Purported Ancient Worlds/Welch Indians< Purported Ancient Worlds
Madoc (Madog or Madawg) ap Owain Gwynedd was a Welsh prince who, according to legend, discovered America in 1170, over three hundred years before Christopher Columbus's voyage in 1492. Madoc has been the subject of much historical speculation, but most scholars doubt that Madoc ever made a trip to North America, and some doubt the prince existed at all.
A later development in the legend claimed the settlers were absorbed by groups of Native Americans, and their descendants remained somewhere on the American frontier for hundreds of years. The first to report an encounter with a Welsh-speaking Indian was the Reverend Morgan Jones, who was captured in 1669 by a tribe of Tuscaroras called the Doeg. The chief spared his life, however, when he heard Jones speak Welsh, a tongue he understood. Jones lived with the Doeg for several months preaching the Gospel in Welsh, and returned to the British Colonies where he recorded his adventure in 1686.
A number of later travellers claimed to have found the Welsh Indians, and one even claimed the tribe he visited venerated a copy of the Gospel written in Welsh. Stories of Cymric Indians became popular enough that even Lewis and Clark were ordered to look out for them, and folklore has long claimed that Louisville, Kentucky was once home to a colony of Welsh-speaking Indians. 18th century Missouri River explorer John Evans of Waunfawr, Wales took up his journey in part to find the Welsh-descended "Padoucas" or "Madogwys" tribes. The legend was not apparently restricted to whites; in 1810, John Sevier, the first governor of Tennessee, wrote to his friend Major Amos Stoddard about a conversation he had had with the old Cherokee chief Oconostota concerning ancient fortifications built along the Alabama River. The Chief said the forts were built by the white people who had once lived in the area as protection against the ancestors of the Cherokee. They were called "Welsh" and their leader was "Modok". How much of the original conversation, which was supposed to have occurred in 1782, was accurately related in Sevier's letter in 1810 is of course debatable.

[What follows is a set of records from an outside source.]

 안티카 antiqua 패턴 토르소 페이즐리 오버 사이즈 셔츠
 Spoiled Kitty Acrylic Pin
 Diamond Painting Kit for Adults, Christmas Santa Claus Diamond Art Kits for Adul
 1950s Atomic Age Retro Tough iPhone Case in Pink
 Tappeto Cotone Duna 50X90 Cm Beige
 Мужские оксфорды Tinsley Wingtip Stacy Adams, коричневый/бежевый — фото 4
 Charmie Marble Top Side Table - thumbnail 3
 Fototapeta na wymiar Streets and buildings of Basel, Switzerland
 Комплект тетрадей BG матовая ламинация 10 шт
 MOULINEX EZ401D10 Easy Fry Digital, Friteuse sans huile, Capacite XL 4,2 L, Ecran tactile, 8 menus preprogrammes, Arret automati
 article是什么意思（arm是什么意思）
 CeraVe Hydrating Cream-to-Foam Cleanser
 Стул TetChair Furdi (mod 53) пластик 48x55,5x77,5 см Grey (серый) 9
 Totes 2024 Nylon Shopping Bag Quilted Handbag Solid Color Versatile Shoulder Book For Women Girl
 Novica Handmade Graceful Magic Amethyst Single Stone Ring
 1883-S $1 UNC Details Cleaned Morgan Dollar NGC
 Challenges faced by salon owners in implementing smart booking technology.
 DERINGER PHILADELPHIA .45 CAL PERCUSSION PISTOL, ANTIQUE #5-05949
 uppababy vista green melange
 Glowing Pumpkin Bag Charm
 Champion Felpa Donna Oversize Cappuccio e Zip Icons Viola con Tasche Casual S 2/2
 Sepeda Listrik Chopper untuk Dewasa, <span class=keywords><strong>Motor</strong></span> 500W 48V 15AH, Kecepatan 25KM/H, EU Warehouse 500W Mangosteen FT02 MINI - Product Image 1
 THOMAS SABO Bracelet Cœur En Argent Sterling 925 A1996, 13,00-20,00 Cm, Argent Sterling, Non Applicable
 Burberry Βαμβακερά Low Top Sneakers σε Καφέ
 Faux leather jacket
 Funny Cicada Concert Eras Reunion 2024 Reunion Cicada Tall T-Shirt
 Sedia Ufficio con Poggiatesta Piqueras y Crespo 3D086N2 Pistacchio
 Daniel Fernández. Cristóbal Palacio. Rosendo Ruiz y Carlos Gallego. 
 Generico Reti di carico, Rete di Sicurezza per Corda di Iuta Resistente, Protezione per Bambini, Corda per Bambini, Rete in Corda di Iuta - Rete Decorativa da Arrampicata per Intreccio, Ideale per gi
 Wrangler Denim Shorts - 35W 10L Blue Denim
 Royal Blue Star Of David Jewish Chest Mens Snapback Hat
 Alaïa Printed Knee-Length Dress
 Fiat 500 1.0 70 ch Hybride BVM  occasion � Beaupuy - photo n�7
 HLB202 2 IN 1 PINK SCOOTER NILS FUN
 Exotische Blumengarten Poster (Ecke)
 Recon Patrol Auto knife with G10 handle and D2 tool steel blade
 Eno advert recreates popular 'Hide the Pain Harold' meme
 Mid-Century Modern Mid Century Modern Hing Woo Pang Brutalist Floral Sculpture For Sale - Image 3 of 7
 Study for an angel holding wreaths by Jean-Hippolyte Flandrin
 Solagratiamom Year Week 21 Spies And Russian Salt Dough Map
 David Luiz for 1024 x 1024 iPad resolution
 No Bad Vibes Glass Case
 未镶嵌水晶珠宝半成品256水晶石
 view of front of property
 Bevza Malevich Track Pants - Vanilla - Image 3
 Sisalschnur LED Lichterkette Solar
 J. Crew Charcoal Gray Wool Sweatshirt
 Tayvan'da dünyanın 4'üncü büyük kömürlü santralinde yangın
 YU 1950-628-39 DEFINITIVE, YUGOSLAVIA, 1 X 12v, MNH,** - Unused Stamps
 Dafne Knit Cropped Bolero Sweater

In the early tales, the white Indians' specific European language ranged from Irish to Portuguese, and the tribe's name varied from teller to teller (often, the name was unattested elsewhere), but later versions settled on Welsh and the Mandan people, who differed strikingly from their neighbors in culture, language, and appearance. The painter George Catlin suggested the Mandans as descendants of Madoc and his fellow voyagers in North American Indians (1841); he found the round Mandan Bull Boat similar to the Welsh coracle, and thought the advanced architecture of Mandan villages must have been learned from Europeans (advanced North American societies such as the Mississippian and Hopewell cultures were not well known in Catlin's time). Supporters of this theory have drawn links between Madoc and the Mandan mythological figure Lone Man, who, according to one tale, provided his people with homes during and after a great deluge.